Write a little script that pulls
http://news.ycombinator.com/threads?id=<username>; and does some magic to pull out the info into an RSS feed
(yes, ideally pg can add this as a real feature, but I'm being pragmatic here ;-)).Just a messy Ruby-based example I threw together.
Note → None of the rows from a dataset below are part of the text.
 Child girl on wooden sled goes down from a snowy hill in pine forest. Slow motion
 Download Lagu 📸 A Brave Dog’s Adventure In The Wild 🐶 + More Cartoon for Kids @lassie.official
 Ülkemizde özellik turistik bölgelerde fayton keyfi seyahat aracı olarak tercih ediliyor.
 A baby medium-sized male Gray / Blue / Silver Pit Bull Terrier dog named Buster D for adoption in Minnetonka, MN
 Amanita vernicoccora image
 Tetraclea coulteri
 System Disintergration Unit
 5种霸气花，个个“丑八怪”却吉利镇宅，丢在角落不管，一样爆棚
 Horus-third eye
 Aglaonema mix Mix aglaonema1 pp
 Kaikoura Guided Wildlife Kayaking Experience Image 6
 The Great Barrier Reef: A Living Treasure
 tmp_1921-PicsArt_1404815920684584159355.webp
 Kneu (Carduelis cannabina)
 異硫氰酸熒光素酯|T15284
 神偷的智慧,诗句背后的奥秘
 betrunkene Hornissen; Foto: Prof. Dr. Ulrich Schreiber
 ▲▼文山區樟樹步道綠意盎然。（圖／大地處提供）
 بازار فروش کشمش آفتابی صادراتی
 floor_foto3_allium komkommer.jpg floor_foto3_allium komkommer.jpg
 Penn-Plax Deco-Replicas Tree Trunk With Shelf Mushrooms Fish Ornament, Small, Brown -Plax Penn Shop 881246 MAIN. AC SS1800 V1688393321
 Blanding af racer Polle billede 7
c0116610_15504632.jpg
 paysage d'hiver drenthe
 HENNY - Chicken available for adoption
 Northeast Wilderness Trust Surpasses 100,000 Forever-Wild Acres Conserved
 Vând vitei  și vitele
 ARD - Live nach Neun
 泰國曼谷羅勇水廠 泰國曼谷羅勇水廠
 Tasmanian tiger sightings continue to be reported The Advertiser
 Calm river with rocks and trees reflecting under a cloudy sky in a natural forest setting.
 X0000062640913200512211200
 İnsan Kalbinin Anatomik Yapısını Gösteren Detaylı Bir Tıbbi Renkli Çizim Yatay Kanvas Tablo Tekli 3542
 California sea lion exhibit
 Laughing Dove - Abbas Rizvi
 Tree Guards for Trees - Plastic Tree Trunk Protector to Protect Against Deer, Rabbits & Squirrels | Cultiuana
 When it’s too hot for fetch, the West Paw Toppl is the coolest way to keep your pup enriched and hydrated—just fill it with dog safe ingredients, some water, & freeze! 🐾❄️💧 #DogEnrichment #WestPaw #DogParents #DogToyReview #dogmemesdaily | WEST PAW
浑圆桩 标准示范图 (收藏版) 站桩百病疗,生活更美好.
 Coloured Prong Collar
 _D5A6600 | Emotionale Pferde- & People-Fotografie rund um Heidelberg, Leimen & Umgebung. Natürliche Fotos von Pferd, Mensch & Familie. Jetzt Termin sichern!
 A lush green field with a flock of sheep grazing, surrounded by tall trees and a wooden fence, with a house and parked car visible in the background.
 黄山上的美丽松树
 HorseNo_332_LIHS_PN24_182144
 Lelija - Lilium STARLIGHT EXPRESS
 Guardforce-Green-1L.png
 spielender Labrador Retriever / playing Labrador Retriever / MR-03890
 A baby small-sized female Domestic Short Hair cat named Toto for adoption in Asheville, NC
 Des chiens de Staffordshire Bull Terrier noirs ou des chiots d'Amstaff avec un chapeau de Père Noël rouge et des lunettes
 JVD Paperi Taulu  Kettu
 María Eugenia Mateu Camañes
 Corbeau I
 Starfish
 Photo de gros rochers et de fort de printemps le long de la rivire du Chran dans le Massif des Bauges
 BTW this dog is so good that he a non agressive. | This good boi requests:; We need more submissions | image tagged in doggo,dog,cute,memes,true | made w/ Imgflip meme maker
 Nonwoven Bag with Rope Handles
Works for me.
require 'rubygems'
require 'open-uri'
require 'hpricot'
username = 'petercooper'
uri = 'http://news.ycombinator.com/threads?id=' + username
doc = Hpricot(open(uri))
puts %{<?xml version="1.0" encoding="utf-8" ?>
<rss version="2.0">
<channel>
<title>Hacker News responses to #{username}</title>
<link>#{uri}</link>}
(doc/'td td table').each do |post|
content = post.inner_html
next if content =~ />#{username}</ # skip if we posted it
next unless post.inner_html =~ /vote/ # skip if it's not a post
id = content[/\_(\d+)/,1]
comment_text = (post/'.comment').first.inner_text
commenter = content[/user\?id=(\w+)/,1]
puts %{ <item>\n <title>Comment from #{commenter}</title>}
puts %{ <link>http://news.ycombinator.com/item?id=#{id}</link>}
puts %{ <description>#{comment_text}</description>\n </item>}
end
puts %{</channel></rss>}
It'd be better, but the HTML on Hacker News is from 1996. I was too sloppy to bother fetching the title of the current thread ;-)
With just adding a shebang line and a content-type header line, it works no problems on Dreamhost as a CGI script. Example: http://bigbold.dreamhosters.com/hnc.cgi
Anyway, thanks for giving me the idea. I'm using that now myself.. lol.